Por: Ronny Leonardo Padrón Pérez
Opinión
LA NUEVA ANTORCHA.— Recientes acontecimientos en Hispanoamérica lo certifican. Asolada por tiranías populistas, otras de corte colectivista e incluso engendros del socialismo-terrorista-traficante de drogas, sin dejar de lado atildados gobiernos de apariencia democrática ya colonizados por la delincuencia organizada; unos y otros el fiel reflejo de la diversidad regional, sin embargo, hermanados por una tara muy común: son regímenes políticos cuestionables cuya continuidad temporal está supremamente condicionada por el control sobre su fuerza militar y policial.
En consecuencia, Hispanoamérica debe proveerse a lo inmediato de instituciones militares y policiales bien sujetas a la constitucionalidad democrática, a contracorriente del protagonismo decimonónico castrense aún vigente, del todo impertinente, presagio de males mayores.

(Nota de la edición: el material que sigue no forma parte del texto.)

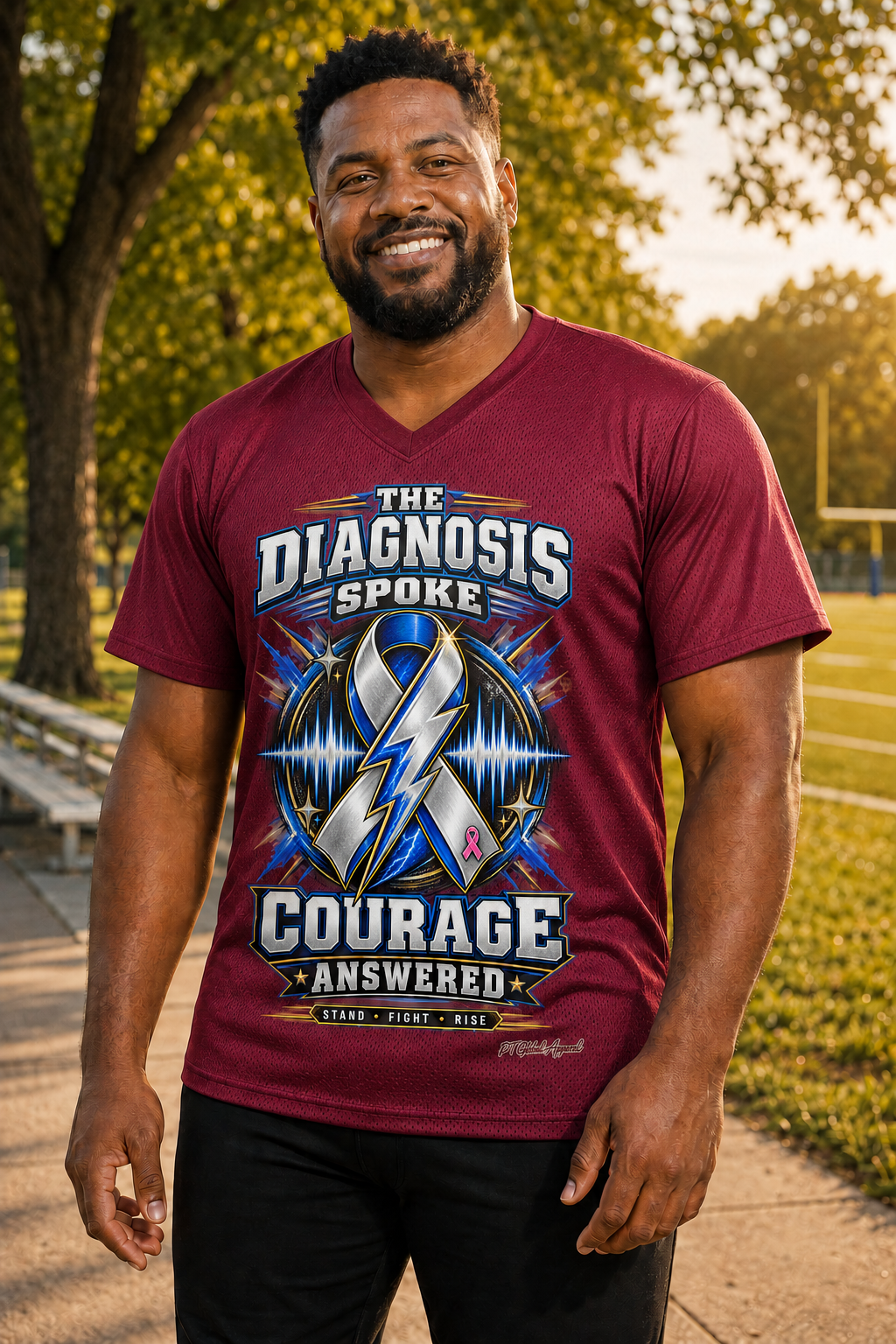 Courage Answered" Breast Cancer Awareness Performance Tee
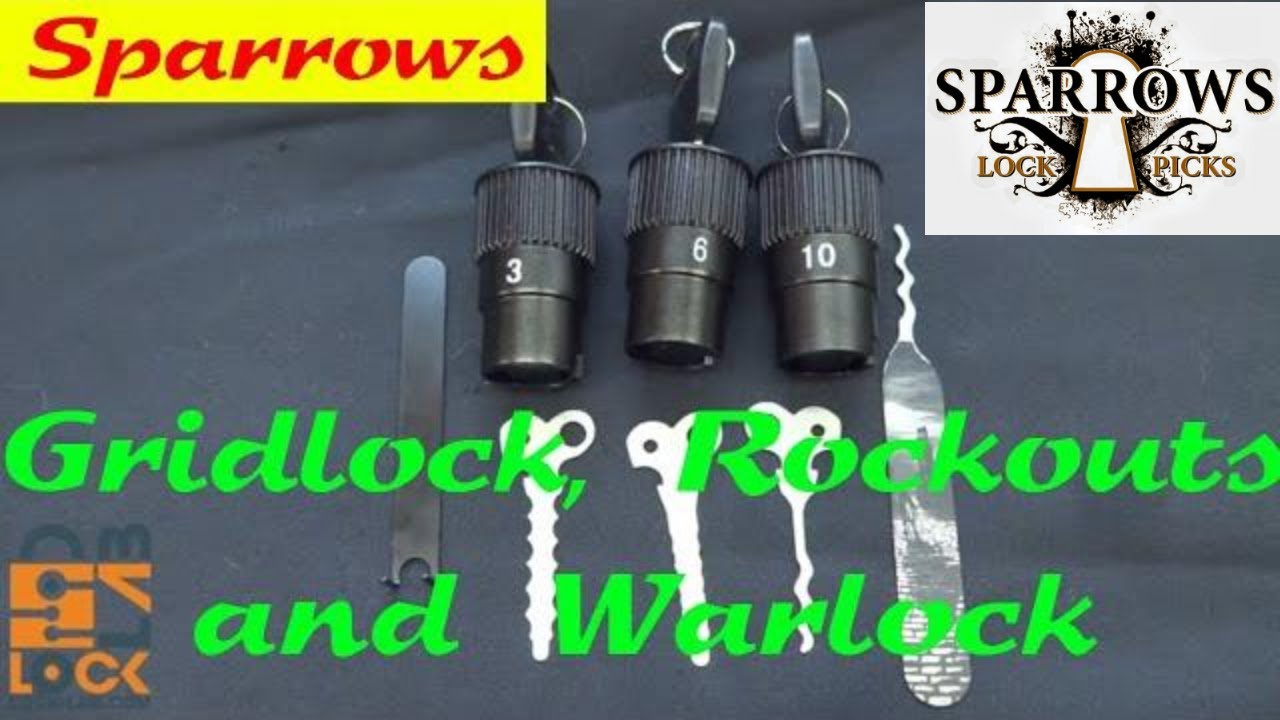 (973) Review: Sparrows GRIDLOCK, ROCKOUT, & WARLOCK Lock Picks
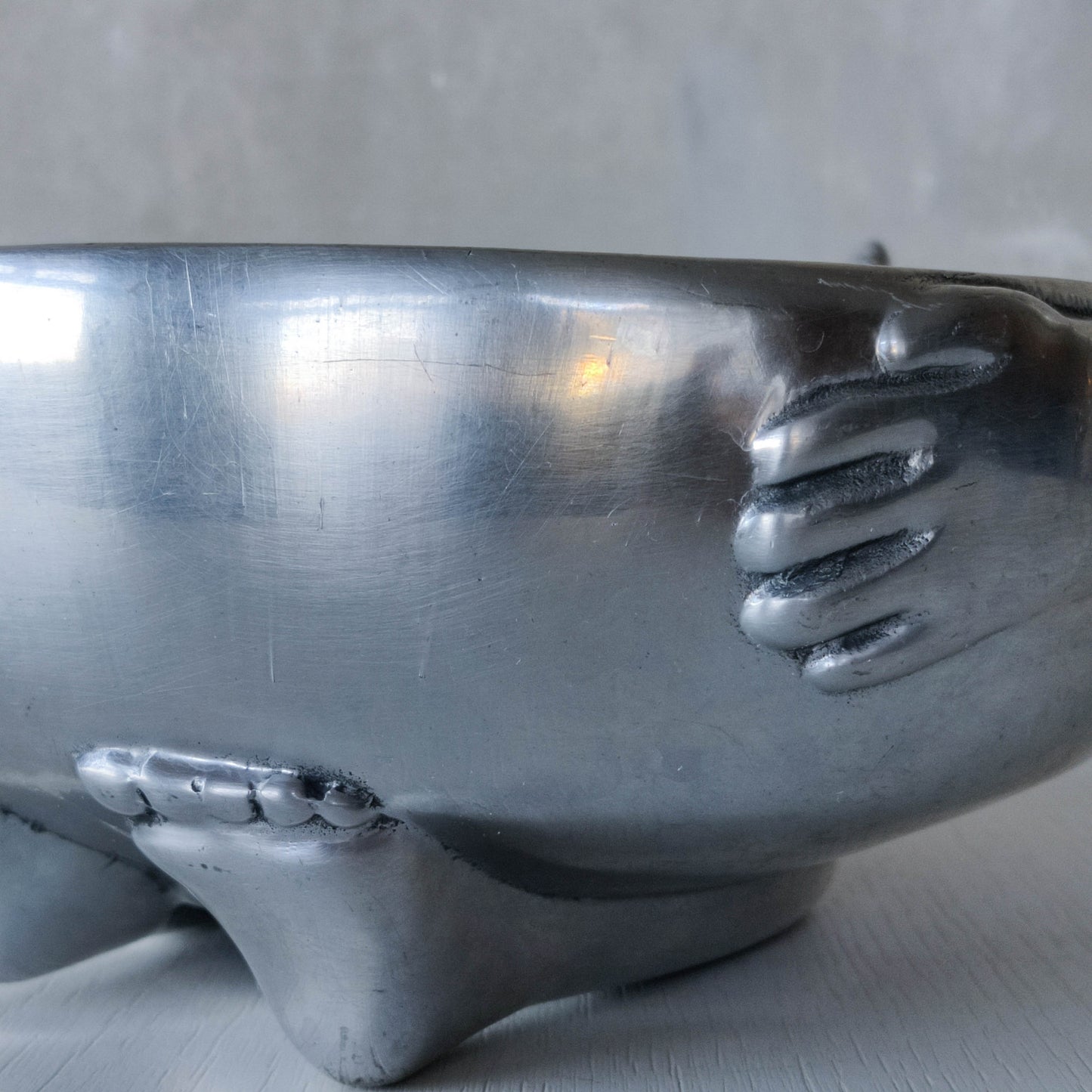 Carrol Boyes vintage cast aluminium sculptural figural bowl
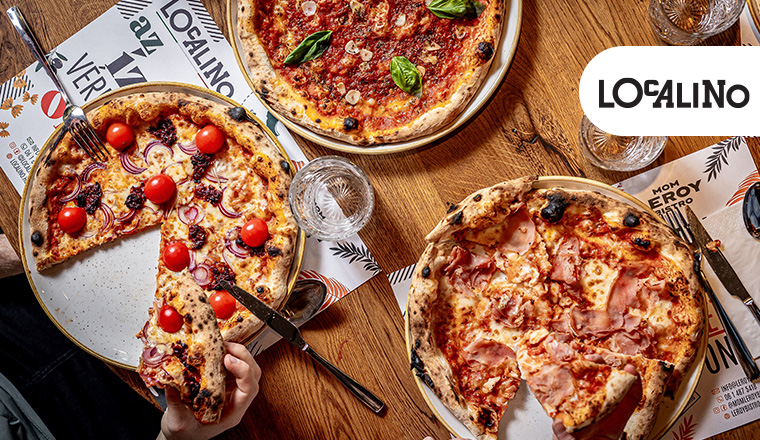 „PIZZA KEDD” a Localino éttermében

De poco vale una legitimidad política y menos aún el apoyo popular adornado del solo razonamiento escolástico cuando el gobierno constitucional adolece de una institución militar y policial garante de la seguridad democrática.
Pierden su tiempo aquellos que pretenden ¨rescatar¨ para la democracia a esos cuerpos militares y/o policiales hoy al servicio de grupos delictivos organizados: en ellos la marca de la traición es imborrable. Bien lo dijo el Libertador: «Yo sigo la gloriosa carrera de las armas sólo por obtener la gloria que ellas dan; por libertar a mi Patria y por merecer las bendiciones de los Pueblos». Oración y trabajo.